The get_filestat.ksh script, in Listing 2, is a UNIX shell script that collects I/O information at the file and table levels, as well as by mount point, also at five-minute intervals. It calls two SQL snippets, bstat_file.sql and estat_file.sql (shown in Listing 3 and 4), which are customizations of Oracle's utlbstat and utlestat utilities, modified to store the I/O statistics in Oracle tables, rather than in report.txt output.

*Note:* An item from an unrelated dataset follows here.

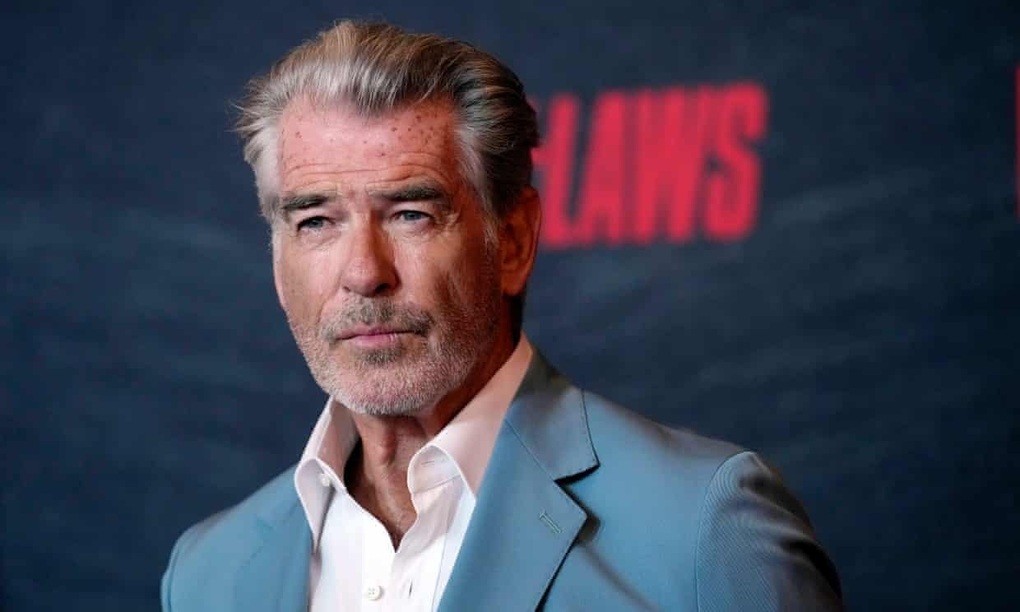 Tài tử Pierce Brosnan phải hầu tòa vì tham quan khu vực cấm - Ảnh 1.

The UNIX script runs bstat_file.sql first, waits five minutes, and then runs estat_file.sql, causing the system to insert the resulting data into the filestat and sum_filestat tables shown in Figure 3. After running this script, you have the data needed to track hot disks down to the file and table level.

#!/bin/ksh

while true

iostat -x 300 1|\

sed 1,2d|\

awk '{ printf("%s %s %s\n", $1, $4, $5) }' |\

while read HDISK VMSTAT_IO_R VMSTAT_IO_W

echo $HDISK

echo $VMSTAT_IO_R

echo $VMSTAT_IO_W

sqlplus -s / <<!

insert into

perfstat.stats\$iostat

values

(SYSDATE, 300, '$HDISK', $VMSTAT_IO_R,$VMSTAT_IO_W);

exit

done

sleep 300

done

Generally, you should run get_filestat.ksh concurrently with get_iostat.ksh, so that the file- and disk-level data are collected during the same time period. You can run both scripts as often as you like, and you can collect data over long periods of time without adverse effects on database performance. File I/O information is generally collected very quickly from the Oracle database's system global area (SGA) memory. (The actual memory structures that contain the file I/O data are called v$filestat and file$.) Disk I/O data collection is also very fast, usually taking less than one second.

#!/bin/ksh

# First, we must set the environment . . . .

ORACLE_SID=prodb1

ORACLE_HOME=`cat /var/opt/oracle/oratab|grep $ORACLE_SID|cut -f2 -d':'`

PATH=$ORACLE_HOME/bin:$PATH

MON=`echo ~oracle/iostat`

#----------------------------------------

# If it is not running, then start it . . .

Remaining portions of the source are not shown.